Chi è Nasrin Sotoudeh, l'avvocato iraniana scarcerata ieri, dopo tre anni di prigione. Era stata condannata a 11 anni per «attività contro la sicurezza nazionale», «propaganda» e «appartenenza a un’organizzazione illegale», cioè il Centro per i difensori dei diritti umani. Pubblichiamo anche online il profilo della Sotoudeh, uscito sul numero cartaceo di agosto-settembre di Popoli.


 

L’Iran il 14 giugno ha eletto il suo nuovo presidente, il «moderato» Hasan Rohani, la cui vittoria al primo turno è stata accolta come un segno di distensione nei rapporti internazionali. Si vedrà quali saranno le sue mosse dopo l’entrata in carica ufficiale il 3 agosto.

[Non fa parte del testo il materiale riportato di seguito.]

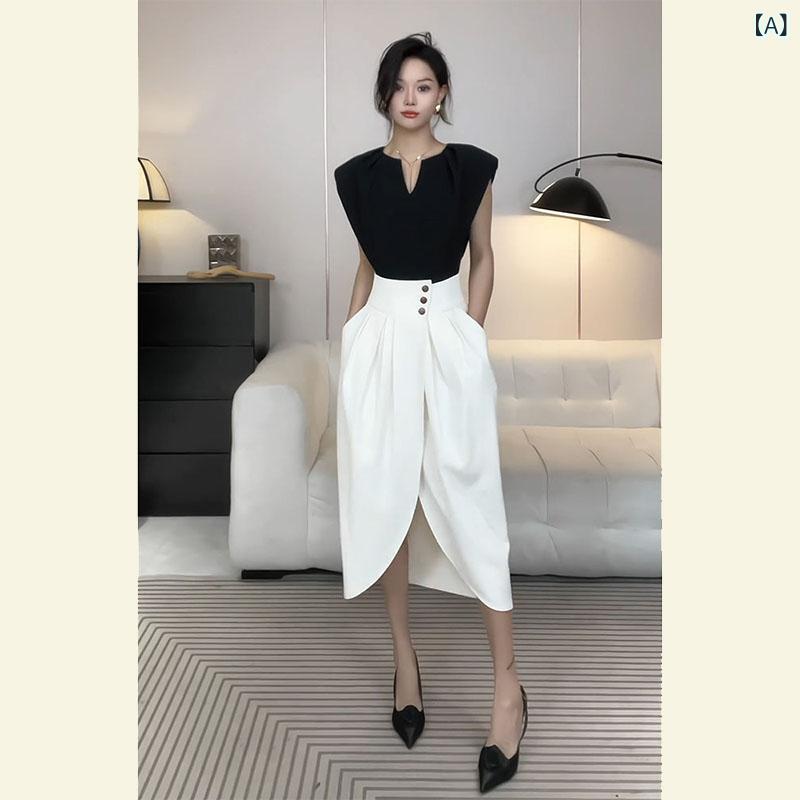 かわいい 春夏 夏服は ハイエンド 精緻な の お姫様 風 高級 小 香 黒 ノースリーブワンピースを 揃えています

Le precedenti consultazioni del 2009, condizionate dai brogli che favorirono la rielezione di Ahmadinejad, avevano scatenato le proteste dell’Onda verde, la più grande manifestazione di scontento verso il regime della Repubblica islamica in trent’anni dalla sua fondazione. La protesta fu spenta con la forza: decine di studenti, intellettuali e giornalisti sono finiti in carcere, i leader politici di riferimento sono ancora agli arresti domiciliari.

Accanto a molti attivisti e difensori dei diritti umani si è schierata Nasrin Sotoudeh, avvocato di Tehran, sposata e madre di due figli, che lo scorso 30 maggio ha festeggiato i suoi 50 anni in carcere.
Sotoudeh è una donna coraggiosa: dal 4 settembre 2010 sconta nel braccio femminile della famigerata prigione di Evin una condanna a undici anni, poi ridotti a sei in appello, e a vent’anni di sospensione dall’attività forense, per «attività contro la sicurezza nazionale», «propaganda» e «appartenenza a un’organizzazione illegale», cioè il Centro per i difensori dei diritti umani.

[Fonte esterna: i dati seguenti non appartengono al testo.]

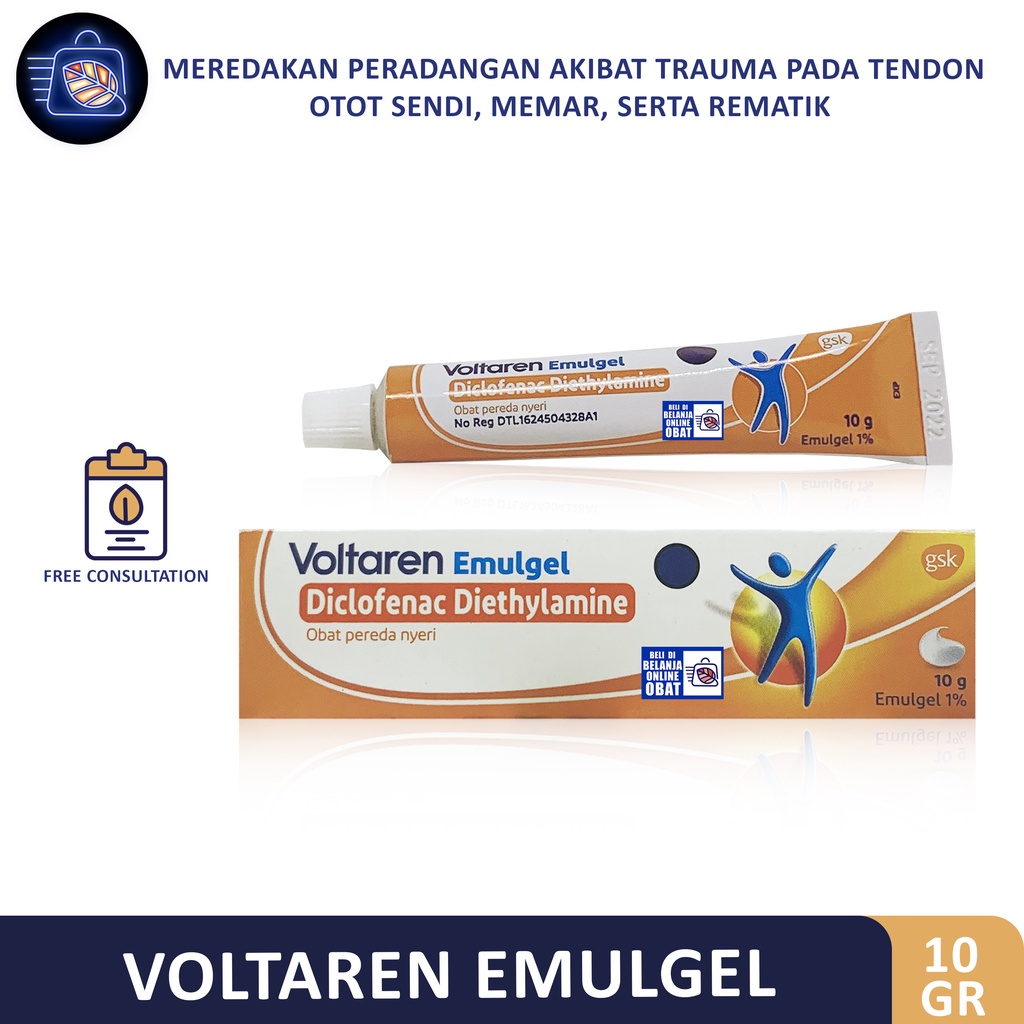 VOLTAREN EMULGEL ( NATRIUM DIKLOFENAK ) 10 GR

Sotoudeh ha preso le difese di politici, attivisti, studenti. Tra i suoi assistiti anche la collega avvocato Shirin Ebadi, Premio Nobel per la pace nel 2003 e oggi in esilio.

L’Iran nega di tenere in carcere persone accusate di reati politici, ma non è dello stesso parere il Parlamento europeo che, nell’ottobre 2012 ha insignito Sotoudeh del premio Sakharov per la Libertà di pensiero (insieme al regista e connazionale Jafar Panahi). E Martin Schultz, presidente dell’Europarlamento, l’ha definita «una donna che non si è piegata davanti alla paura e alle intimidazioni e ha deciso di porre il destino del suo Paese davanti al proprio».
Alla condanna Sotoudeh ha reagito con due scioperi della fame: il primo, per protestare contro il divieto di ricevere visite dei famigliari, ha avuto successo. Il secondo, durato 49 giorni e che l’ha portata a peggiorare il suo stato di salute, è iniziato lo scorso autunno in risposta alla decisione delle autorità di impedire alla figlia di uscire dall’Iran. Alla fine, in gennaio le è stato concesso un permesso di tre giorni per tornare in famiglia.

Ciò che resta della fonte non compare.